__WHAT YOU SHOULD DO__: Pictures must not appear in the copy. Restate exactly the lines below from the one with "Hawaii Shaka Sign" through the one with "City Chic Plus", inclusive.

──────── TASK INPUTS

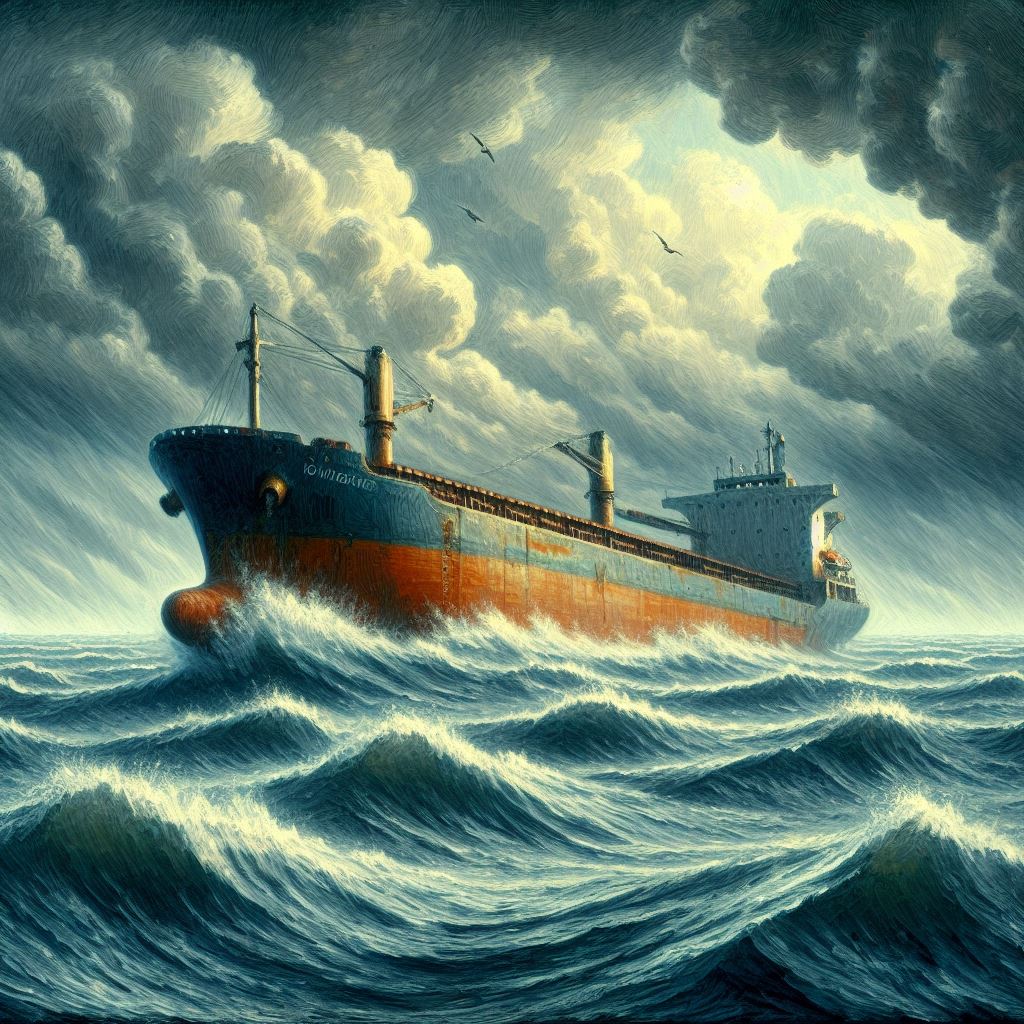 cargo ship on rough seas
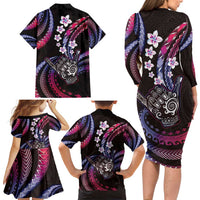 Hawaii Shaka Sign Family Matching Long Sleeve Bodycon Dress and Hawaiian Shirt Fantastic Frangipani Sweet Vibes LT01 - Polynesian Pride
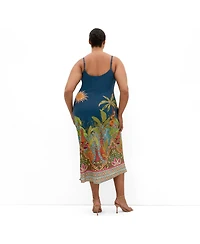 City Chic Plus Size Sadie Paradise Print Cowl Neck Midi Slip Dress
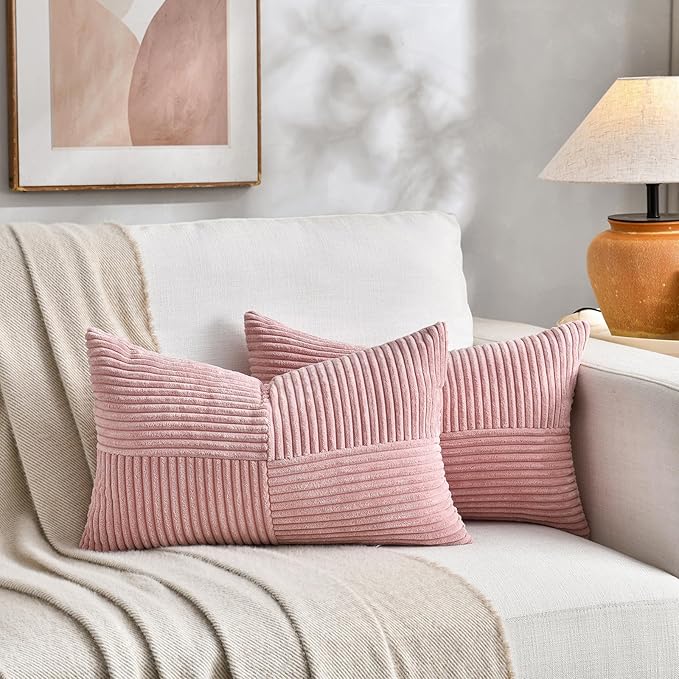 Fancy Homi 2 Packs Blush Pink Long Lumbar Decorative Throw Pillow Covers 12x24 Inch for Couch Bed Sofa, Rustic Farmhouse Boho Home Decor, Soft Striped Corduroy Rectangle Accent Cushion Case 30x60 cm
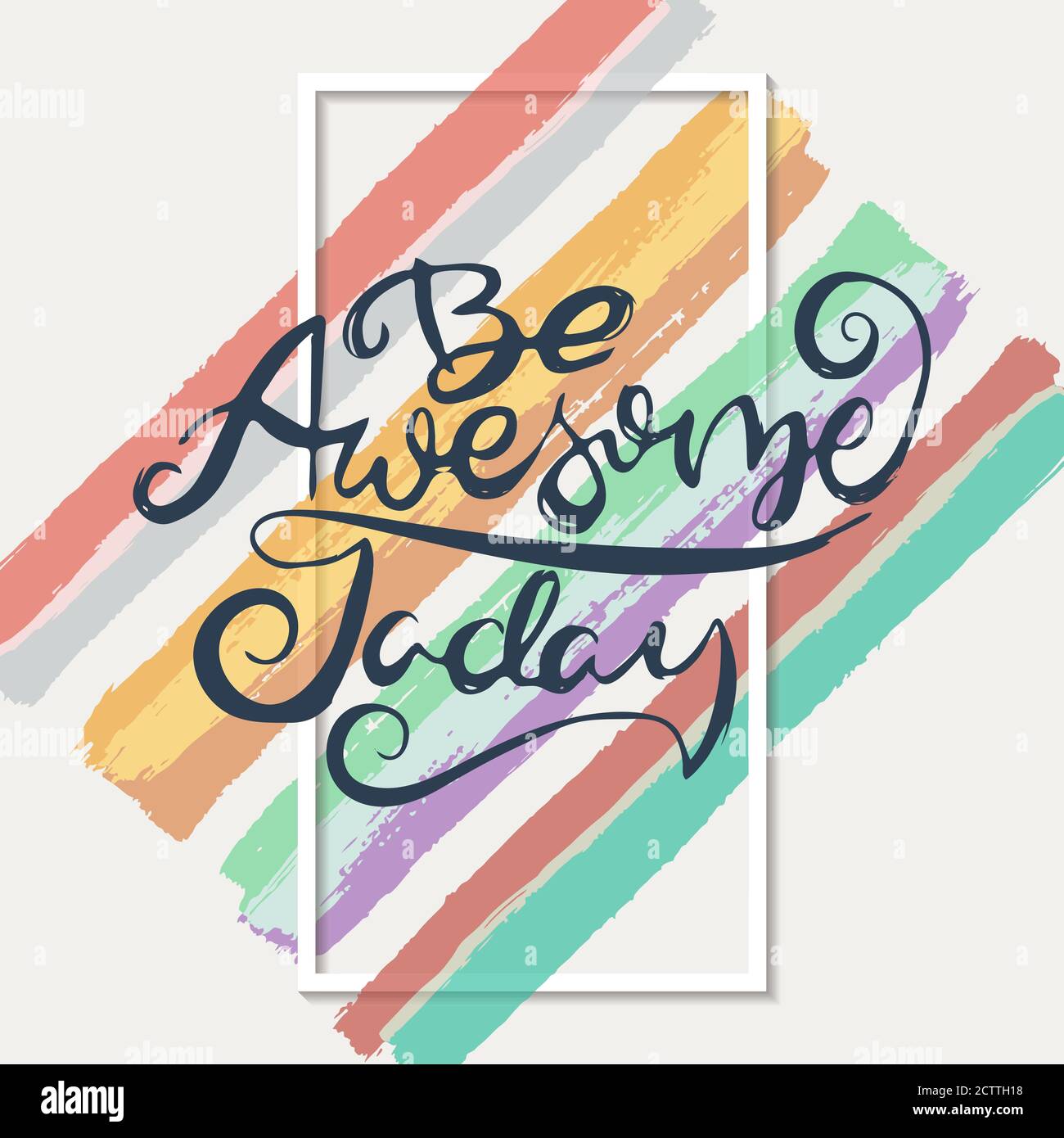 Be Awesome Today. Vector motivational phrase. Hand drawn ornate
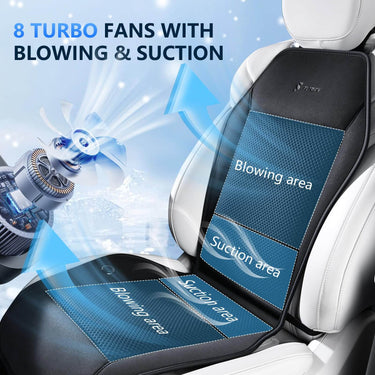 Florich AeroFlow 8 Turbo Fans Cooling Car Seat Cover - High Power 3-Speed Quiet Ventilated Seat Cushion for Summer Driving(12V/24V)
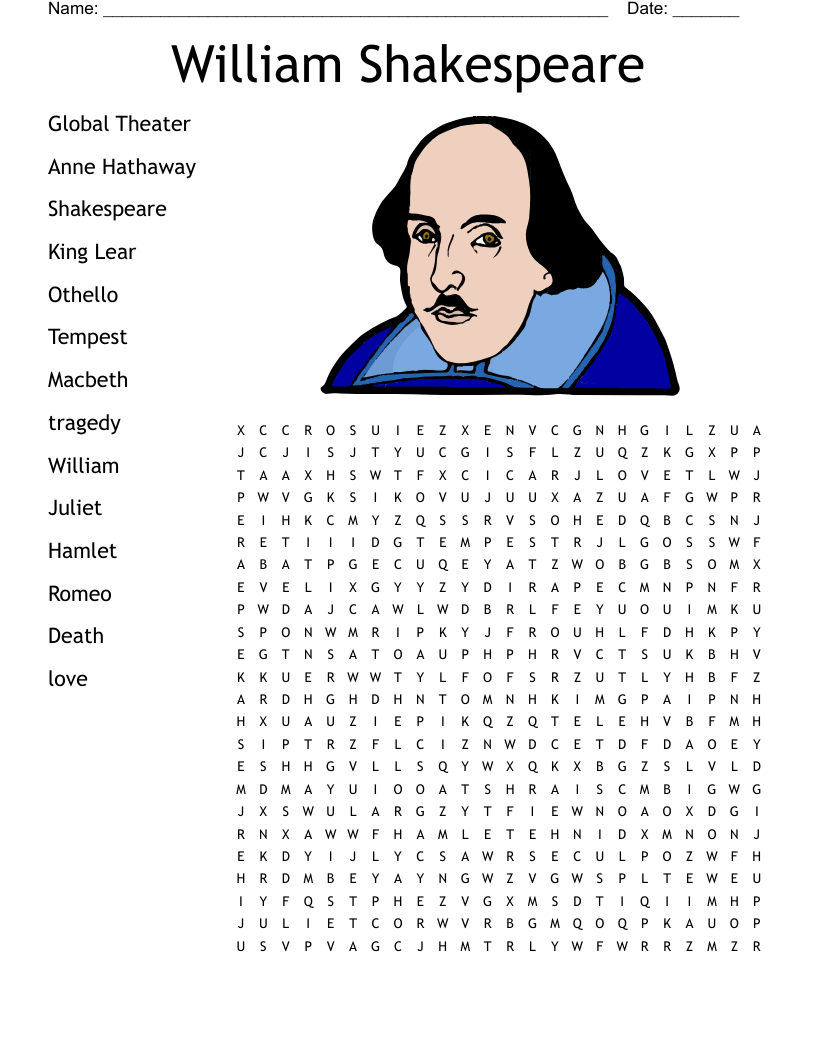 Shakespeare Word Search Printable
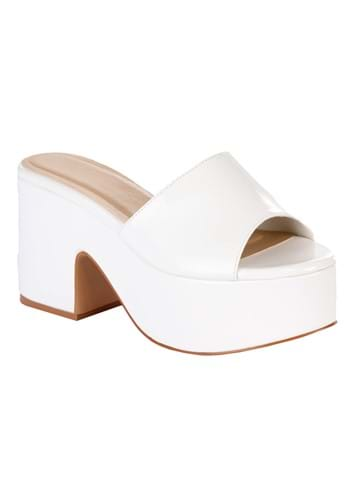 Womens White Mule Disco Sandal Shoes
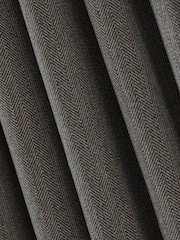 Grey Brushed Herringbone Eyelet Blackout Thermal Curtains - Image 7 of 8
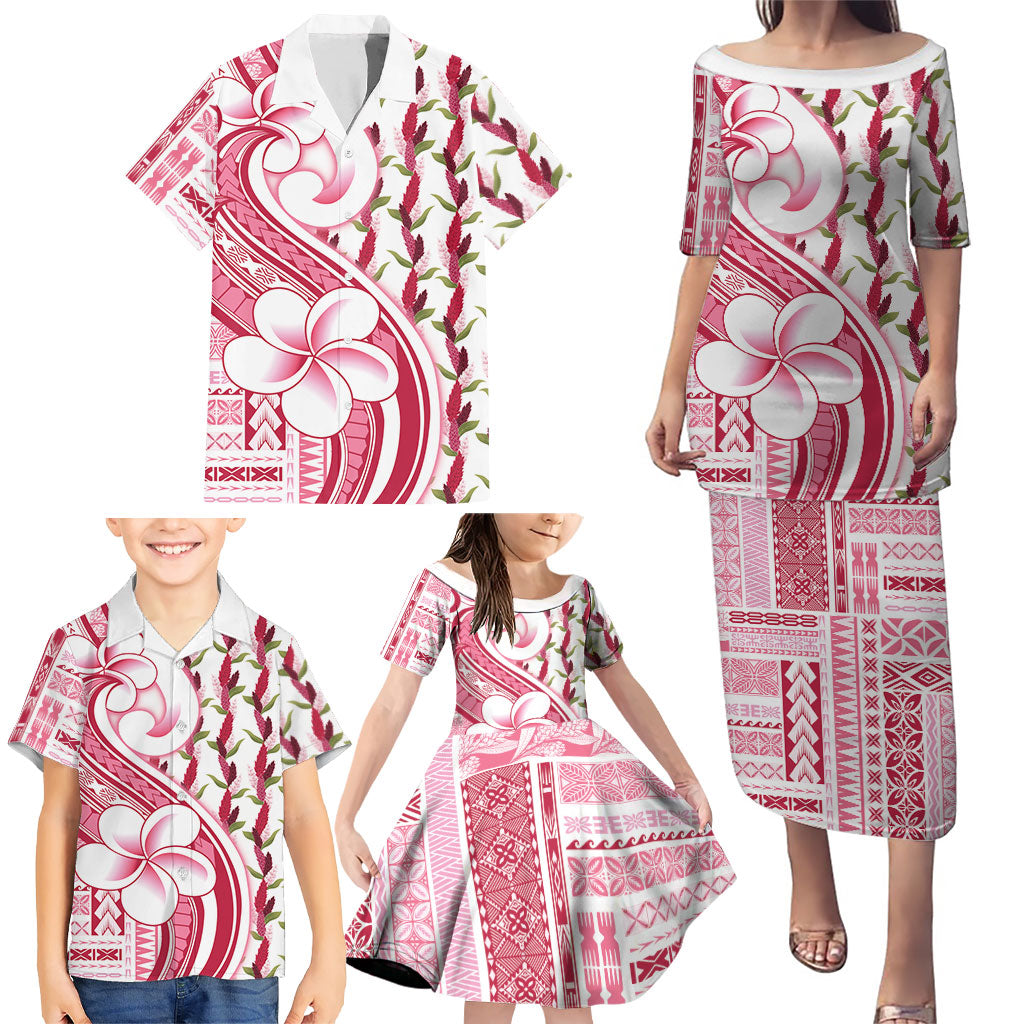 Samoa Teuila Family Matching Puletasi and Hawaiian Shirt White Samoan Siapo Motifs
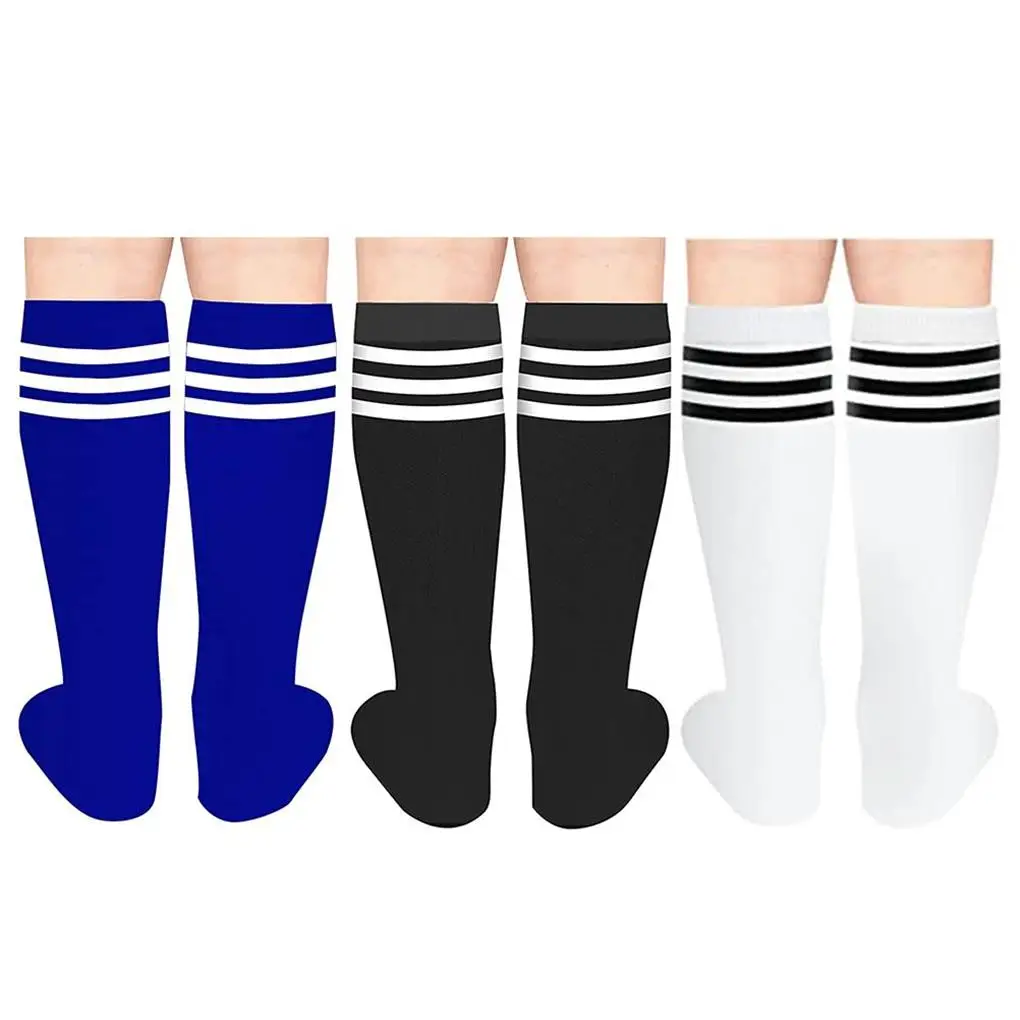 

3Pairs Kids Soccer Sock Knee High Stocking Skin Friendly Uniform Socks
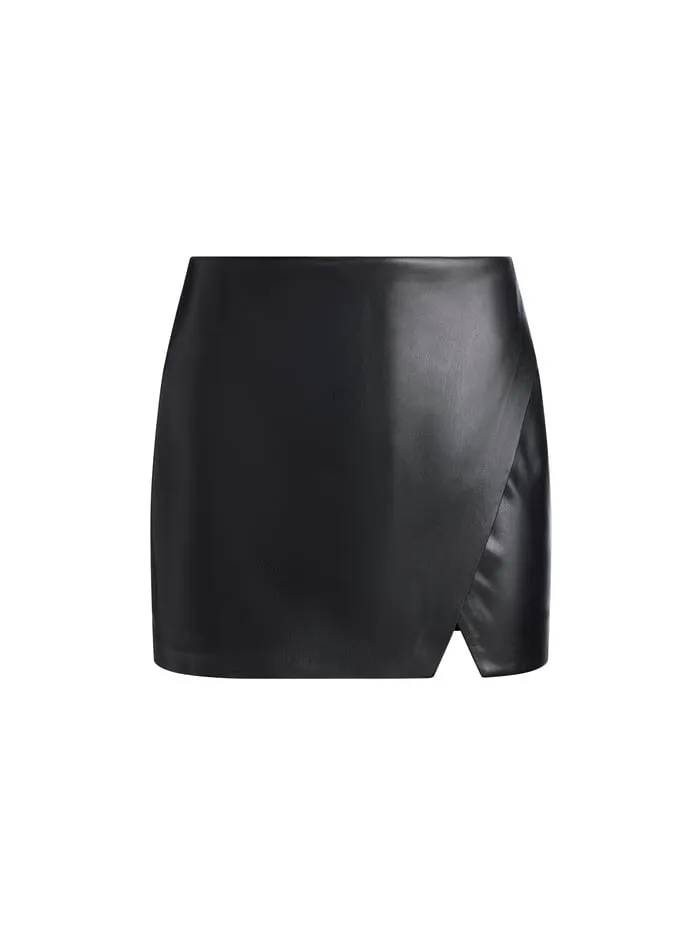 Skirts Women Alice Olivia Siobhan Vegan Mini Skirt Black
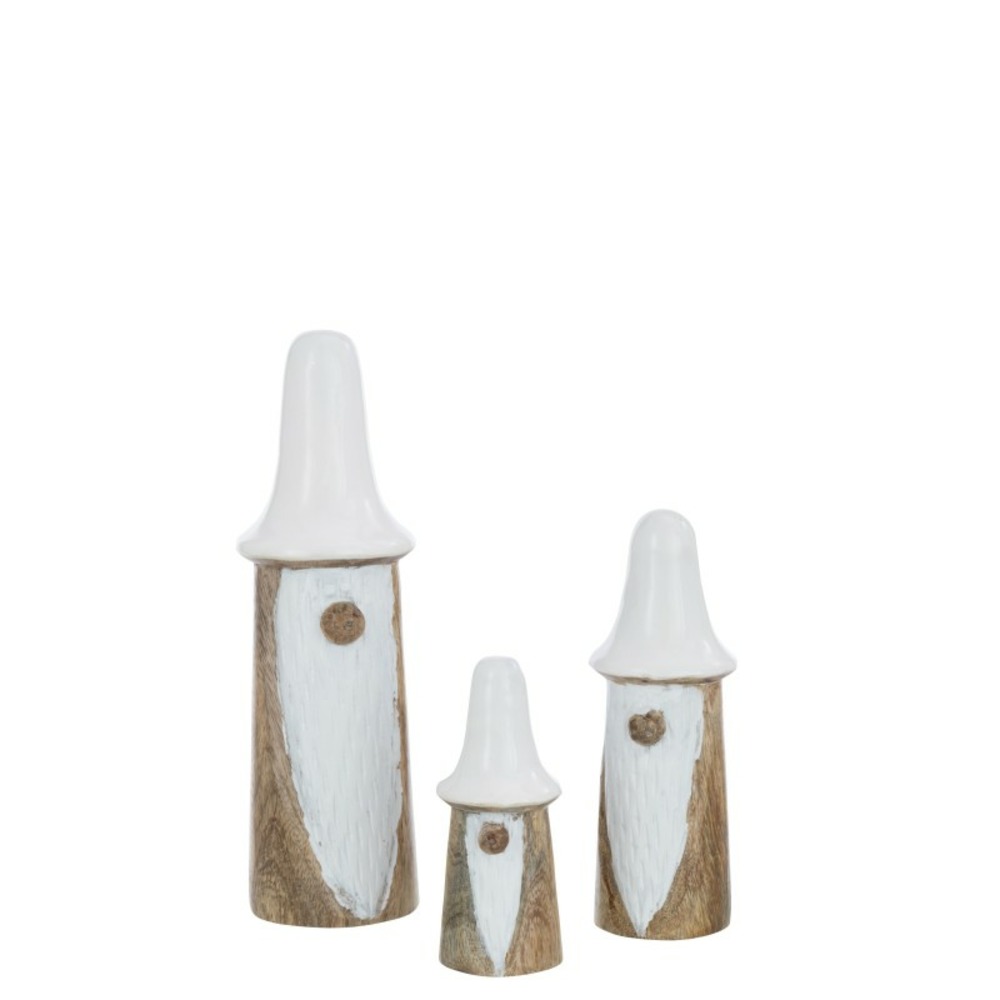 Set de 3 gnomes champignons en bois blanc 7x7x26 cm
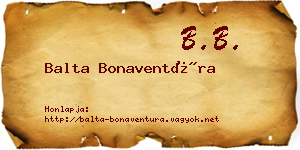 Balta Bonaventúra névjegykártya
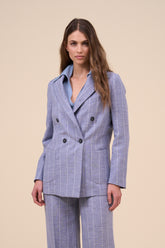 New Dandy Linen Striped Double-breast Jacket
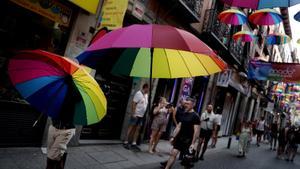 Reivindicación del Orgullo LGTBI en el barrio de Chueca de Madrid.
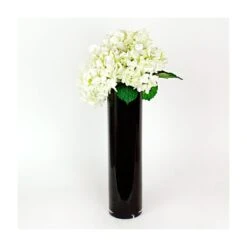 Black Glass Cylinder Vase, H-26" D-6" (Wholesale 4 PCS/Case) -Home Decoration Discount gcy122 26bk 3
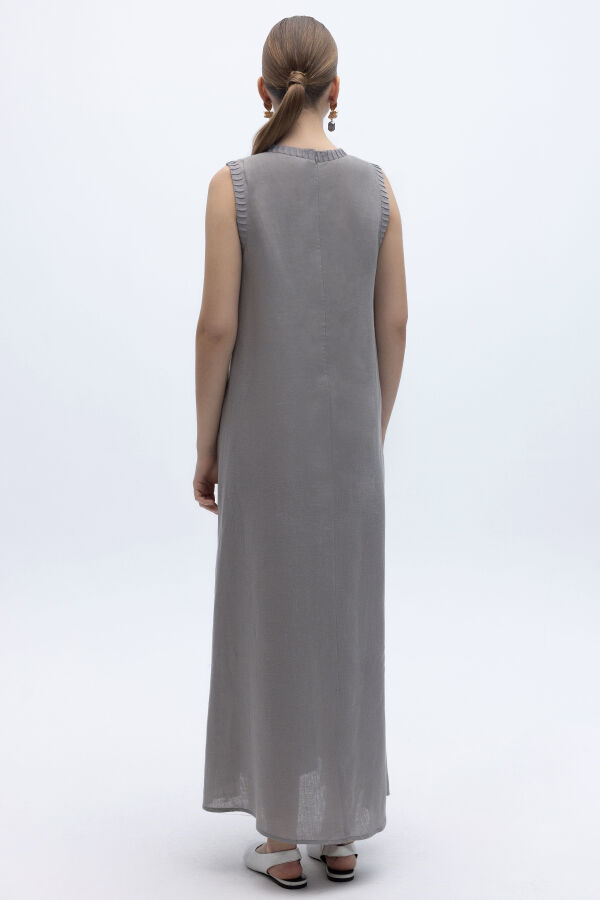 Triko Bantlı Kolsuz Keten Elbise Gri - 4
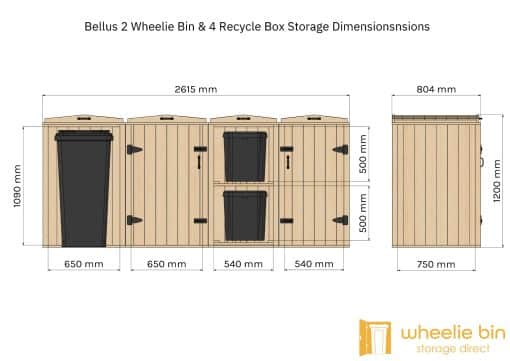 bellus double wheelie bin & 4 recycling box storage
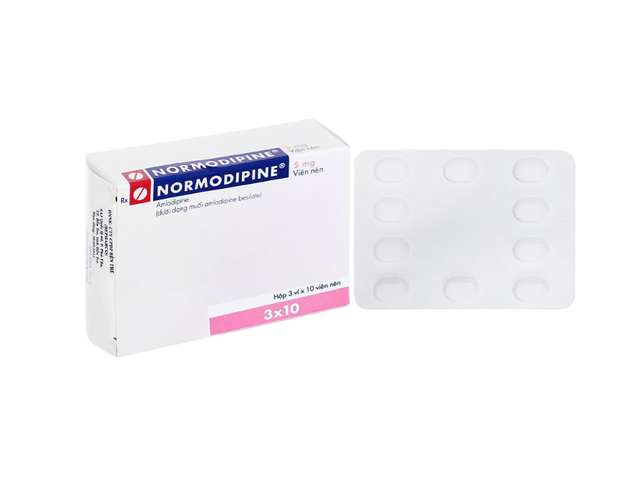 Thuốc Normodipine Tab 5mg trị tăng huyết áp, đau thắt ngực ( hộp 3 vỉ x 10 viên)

────────────────

__REPLY TO THE TASK__:
 Hawaii Shaka Sign Family Matching Long Sleeve Bodycon Dress and Hawaiian Shirt Fantastic Frangipani Sweet Vibes LT01 - Polynesian Pride
 City Chic Plus Size Sadie Paradise Print Cowl Neck Midi Slip Dress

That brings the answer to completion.